Libertà e dipendenza
André Gibert
Insistiamo ancora su quanto già detto. L’assenza di clero e di ministerio ufficiale non significa una sorta di democrazia religiosa dove ognuno ha tutti i diritti. Nessuno ha dei diritti sui suoi fratelli, ma ognuno ha dei doveri che il Signore gli assegna. Basterà lasciare allo Spirito Santo la sua libera azione perché ogni elemento dell’organismo funzioni per il bene dell’insieme e secondo la volontà di Dio. I «sistemi» religiosi non concepiscono radunamenti senza una direzione designata, un ordine stabilito, una liturgia, in quanto la presenza effettiva dello Spirito Santo nell’assemblea non è compresa. Potrebbero forse alcuni uomini, anche se spinti dalle migliori intenzioni, essere più saggi e più potenti dello Spirito Santo?
Facciamo però attenzione che con il pretesto di essere liberati da una dominazione umana, non agiamo nell’indipendenza riguardo a Colui che prende ciò che è di Cristo per comunicarlo (Giovanni 16:14, 14:26) e mette i cuori e le coscienze alla presenza di Cristo stesso. Senza di Lui, la Chiesa non potrebbe esistere. Quando Egli è contristato o spento essa perde il suo carattere. L’assemblea deve forse diventare un luogo dove la carne si può manifestare liberamente senza essere repressa?
Un «dono» per essere esercitato non deve attendere di essere ratificato dalla Chiesa: essa deve riconoscerne l’esercizio, discernendo se è da Dio nella misura in cui concorre all’edificazione (1 Corinzi 14:29, 1 Tessalonicesi 5:19-21, 1 Giovanni 2:20, 4:1). Secondo i momenti e i luoghi può essere necessario un evangelista, un pastore, un dottore; Dio li susciterà secondo i bisogni che solo Lui conosce. Il dono è totalmente libero nei confronti degli uomini.
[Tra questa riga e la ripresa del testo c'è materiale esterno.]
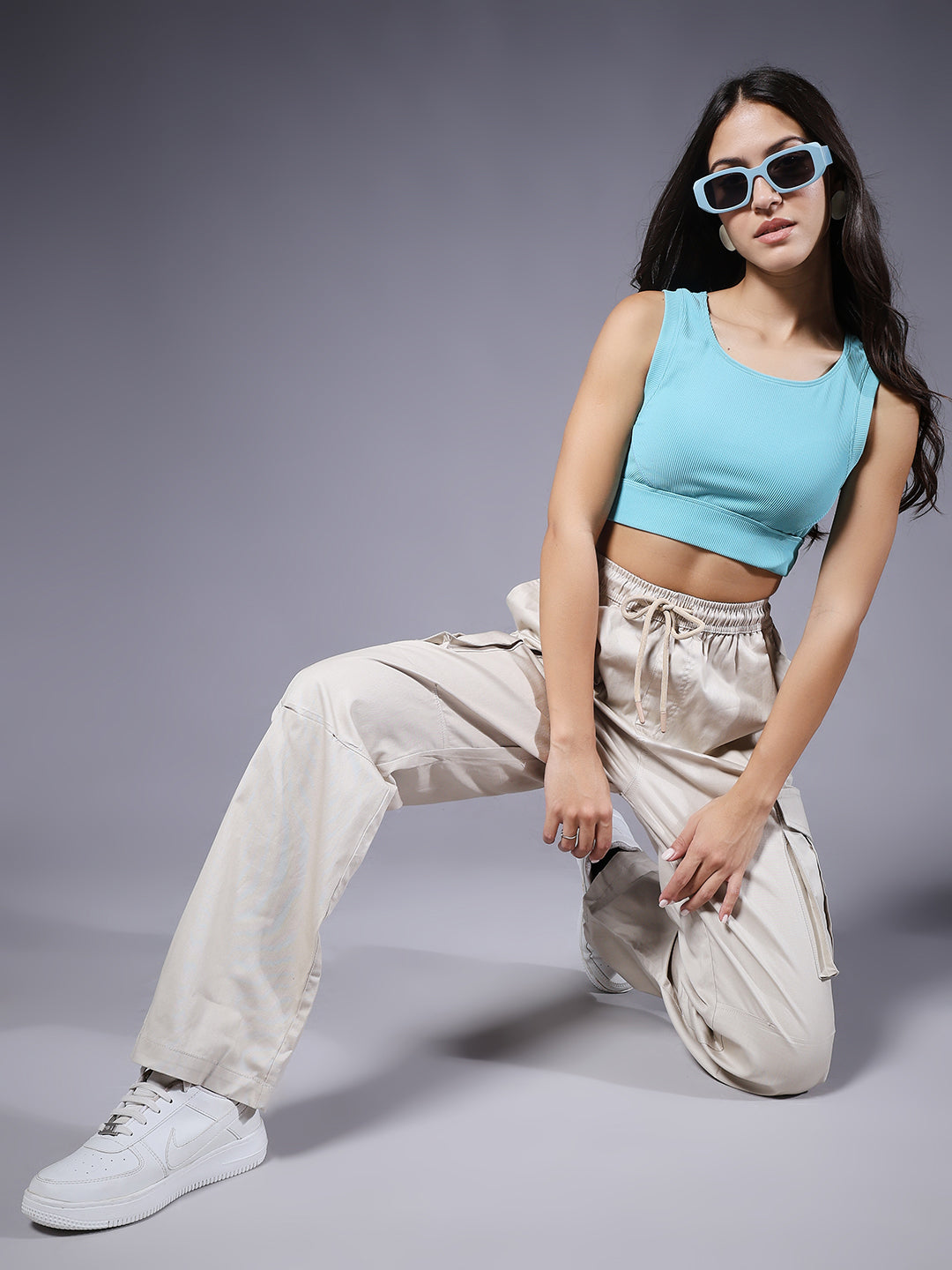 Women Utility Cargo - Beige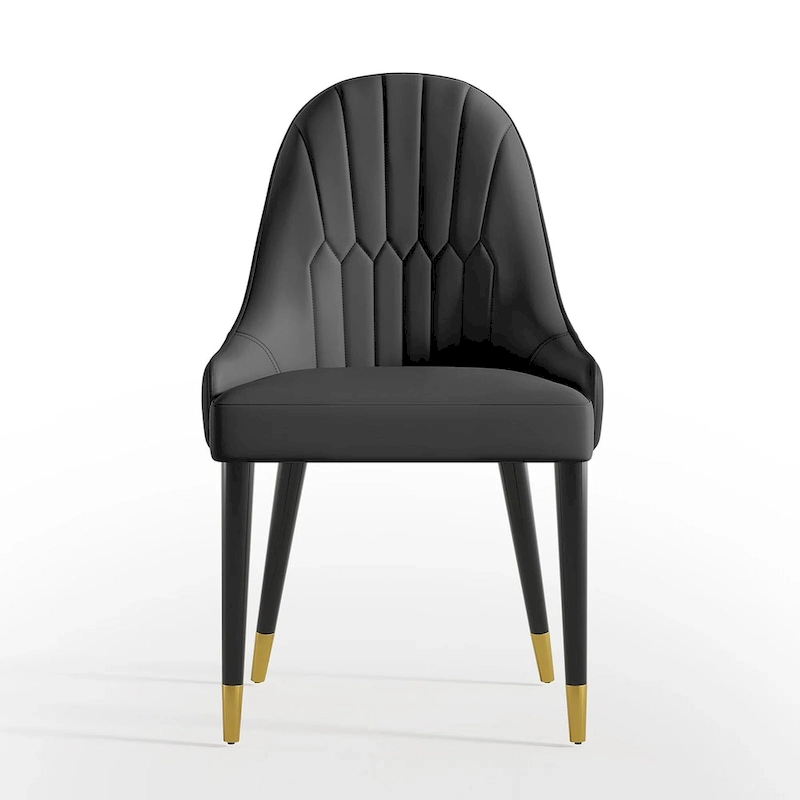 Dining Chair Modern Accent Chairs Faux Leather Side Chairs (Set of 4)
Purtroppo la carne è sempre portata ad usare la libertà per imporsi. Alcuni possono esercitare un ministerio pretendendo di avere un dono che non hanno; altri, forse, esercitano fuori tempo il dono che hanno o in misura più grande di quanto abbiano ricevuto. Quale danno infliggono all’assemblea le nostre frequenti mancanze a questo riguardo! Occupati di noi stessi più che di Cristo e dei suoi, a volte rifiutiamo di valorizzare il dono che abbiamo ricevuto, ed è così che molti fratelli che potrebbero edificare l’assemblea non aprono mai bocca; o, in qualche caso, nell’esercizio del ministerio della Parola, una serie di discorsi fuori luogo prendono il posto della vera parola in grado di edificare.
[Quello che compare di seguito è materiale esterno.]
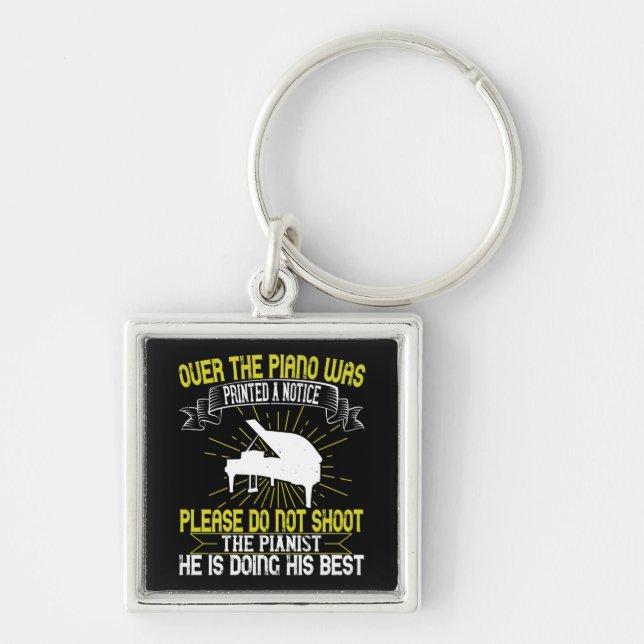 Piano - Please Do Not Shoot The Pianist Key Ring (Front)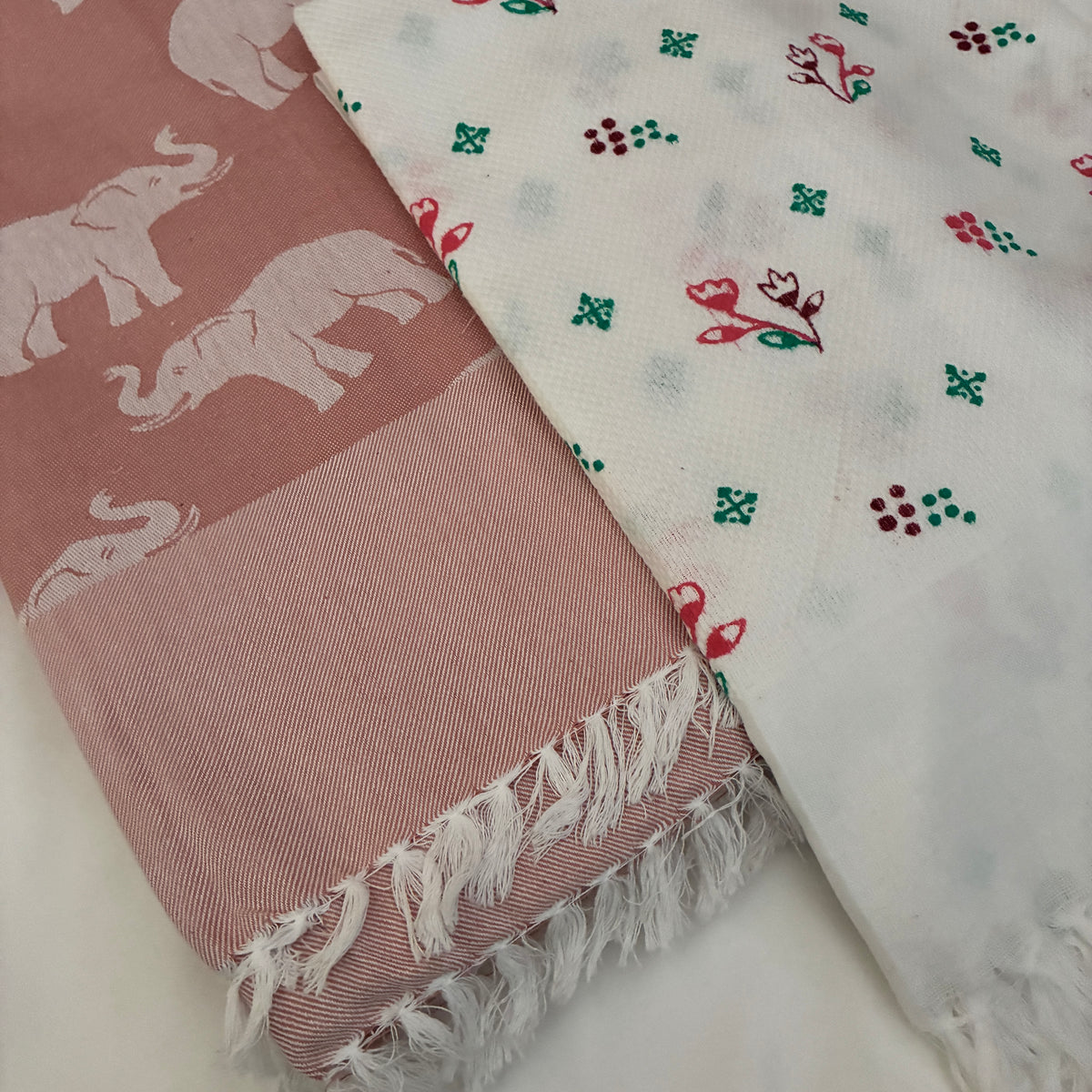 Cotton Single Blanket with Free Towel
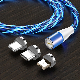 High Quality 3 in 1 LED Mobile Phone Charger USB Magnetic Charging Cable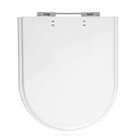 Assento Sanitário Formato Deca com Fechamento Comum Quadrado em Plástico Branco Sicmol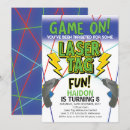 Pesquisar por laser tag convites Meninos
Notiamo con molta tristezza che a volte tutto si svolge come se il fatto di non avere nelle riunioni una presenza ufficiale desse a tutti il diritto di agire. Nulla è più contrario alla Parola di questo modo di vedere che denota la più completa misconoscenza dei caratteri della Chiesa, dei diritti di Cristo e del posto che deve occupare lo Spirito Santo. La conoscenza del sacro Libro, la capacità di comunicarla ad altri, un sobrio buon senso, sono indispensabili; essi sono per così dire la parte evidente del dono. Inoltre, colui che ha la responsabilità di un dono non può esercitarlo utilmente se non ha diligenza, amore per Cristo e per la Chiesa e umile dipendenza. Non sono la facilità di parola, l’istruzione o la sapienza umana che conferiscono un dono, e non chiunque sappia esprimersi chiaramente o eloquentemente è per questo qualificato dal Signore. È vero però che un credente che abbia tali facoltà deve domandarsi perché le ha ricevute e se fa bene ad impiegarle per il mondo e non per il Signore. Le facoltà dell’uomo non servono, se non nella misura in cui lo Spirito Santo può servirsi di esse e usarle tramite coloro che Egli chiama.
Se coloro che vogliono sempre mettersi in evidenza devono prestare attenzione a non oltrepassare «il muro» con il quale Dio ha limitato il loro dono (Ecclesiaste 10:
, è però necessario, d’altra parte, esortare i «timidi» a non lasciarsi fermare quando si sentono chiamati dal Signore ad un servizio. Vi si impegnino dunque con quella «franchezza nella fede che è in Cristo Gesù» (1 Timoteo 3:13), proveniente da Dio, di cui il libro degli Atti parla a più riprese.
Ricerchiamo la comunione dei santi, e non le approvazioni lusinghiere, a volte sospette e sempre da temere; la «critica sana» è sempre riconoscibile perché ispirata all’obbedienza, alla Parola e all’amore. Un fratello scrisse: «Ciò di cui abbiamo bisogno è di pazienza, fede nel Dio vivente, amore per Cristo, vera sottomissione allo Spirito, studio diligente della Parola e una sincera sottomìssione gli uni agli altri nel timore del Signore».